■ **WORK ITEM**
If a record contains a picture, leave the picture out and copy everything else exactly.

■ **RECORD EXTRACTS**

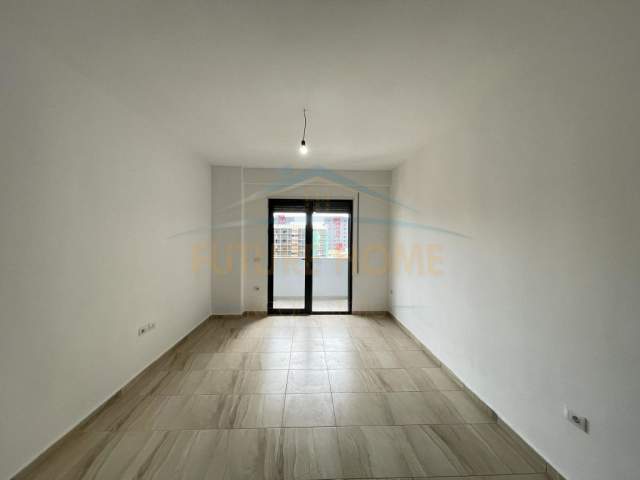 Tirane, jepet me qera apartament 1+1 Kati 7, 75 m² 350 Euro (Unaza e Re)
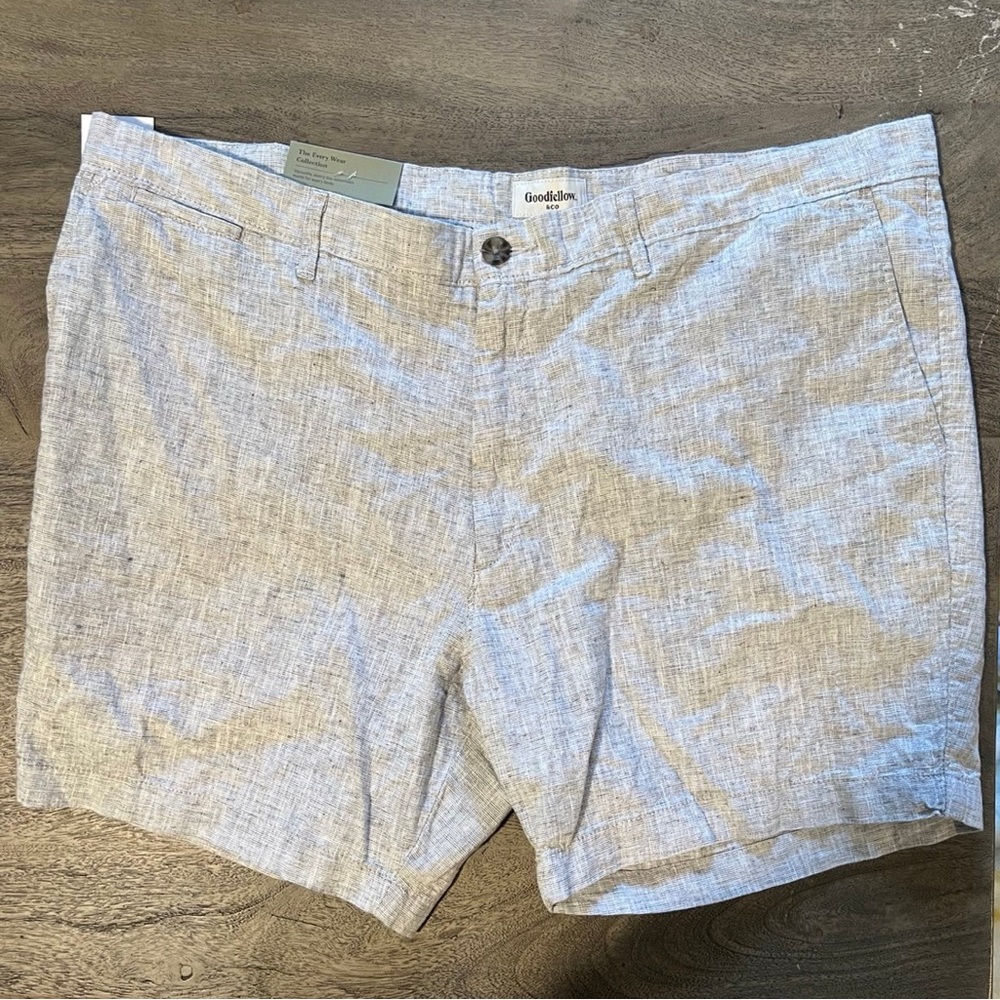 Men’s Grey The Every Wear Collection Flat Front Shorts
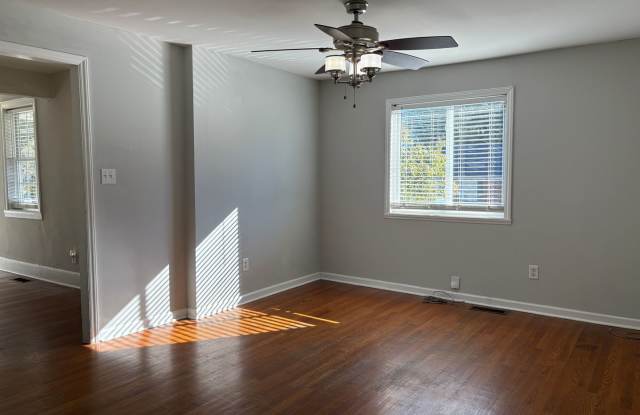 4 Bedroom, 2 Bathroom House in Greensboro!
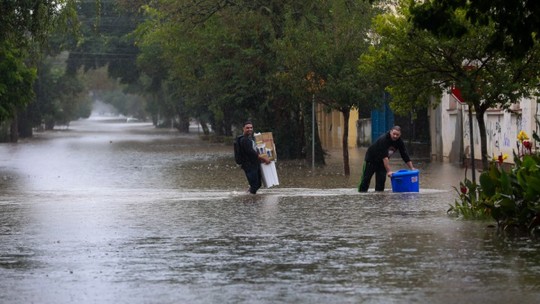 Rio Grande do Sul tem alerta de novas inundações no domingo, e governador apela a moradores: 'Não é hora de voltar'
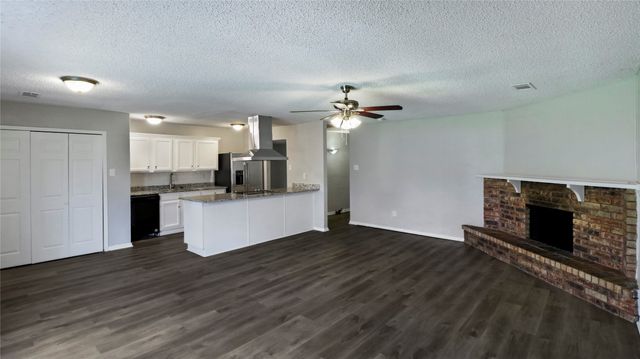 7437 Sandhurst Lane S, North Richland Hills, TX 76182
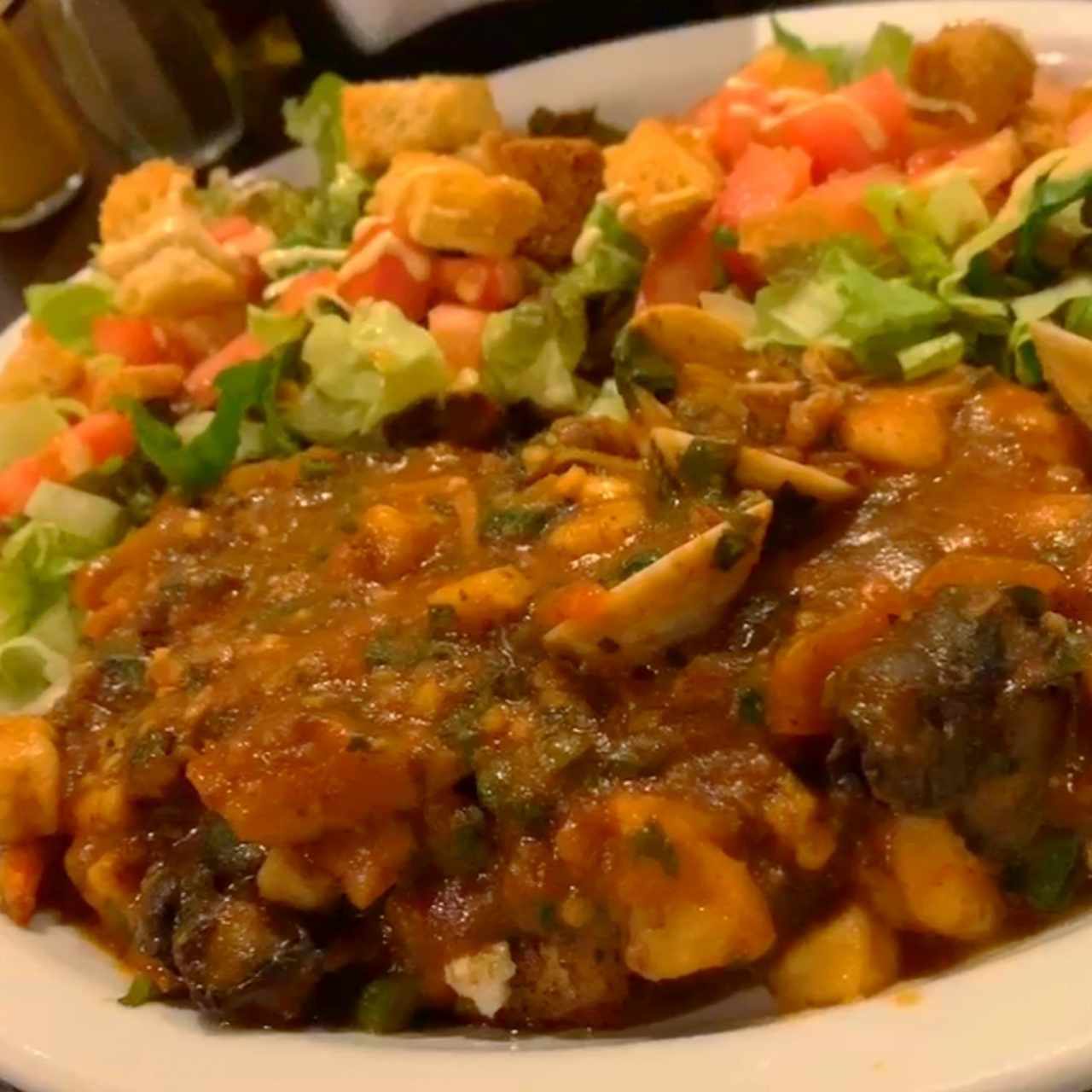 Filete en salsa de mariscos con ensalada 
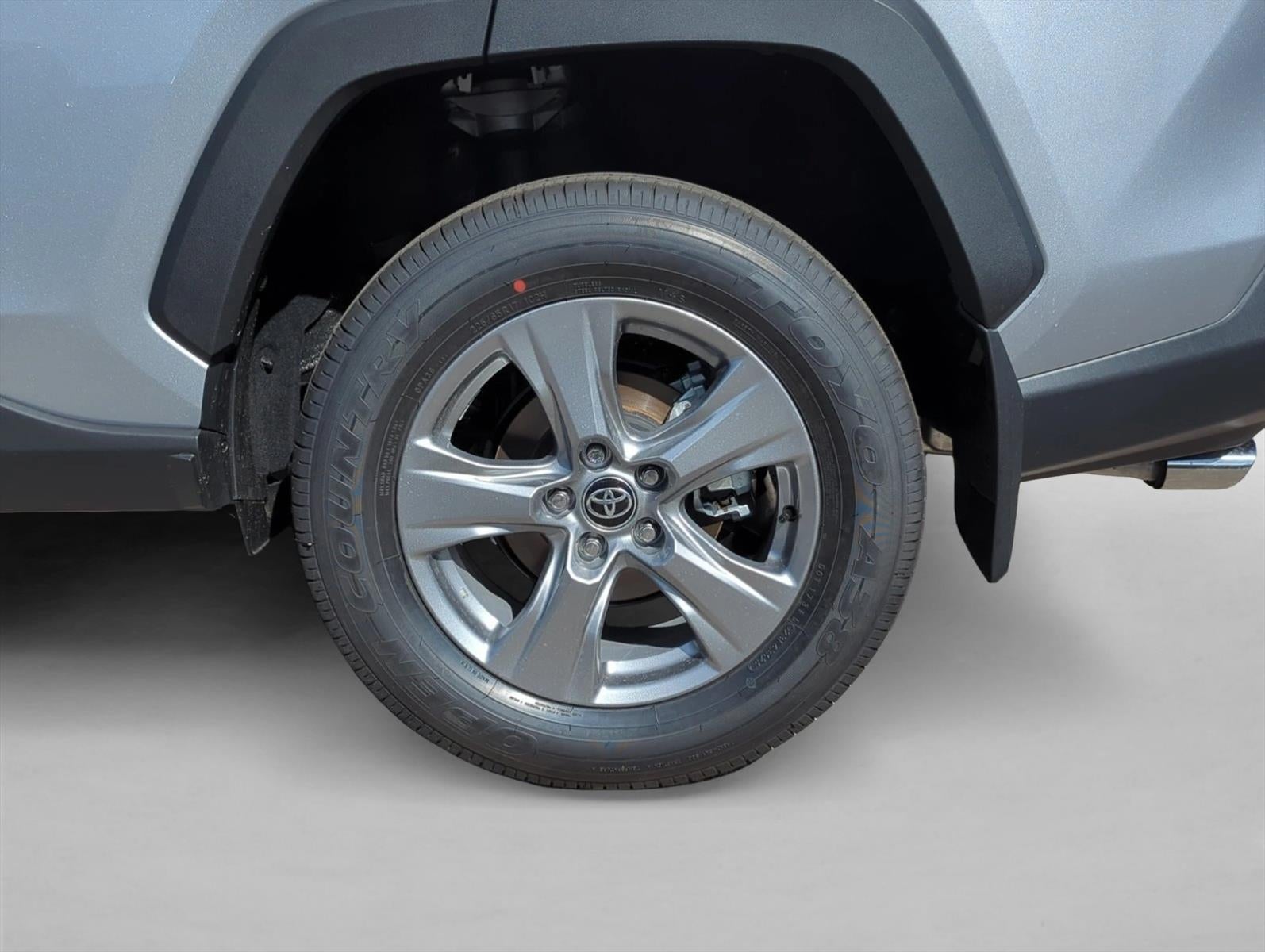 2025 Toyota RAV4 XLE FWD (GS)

■ **RESPONSE**
 Tirane, jepet me qera apartament 1+1 Kati 7, 75 m² 350 Euro (Unaza e Re)
 Men’s Grey The Every Wear Collection Flat Front Shorts
 4 Bedroom, 2 Bathroom House in Greensboro!
 Rio Grande do Sul tem alerta de novas inundações no domingo, e governador apela a moradores: 'Não é hora de voltar'
 7437 Sandhurst Lane S, North Richland Hills, TX 76182
 Filete en salsa de mariscos con ensalada 
 2025 Toyota RAV4 XLE FWD (GS)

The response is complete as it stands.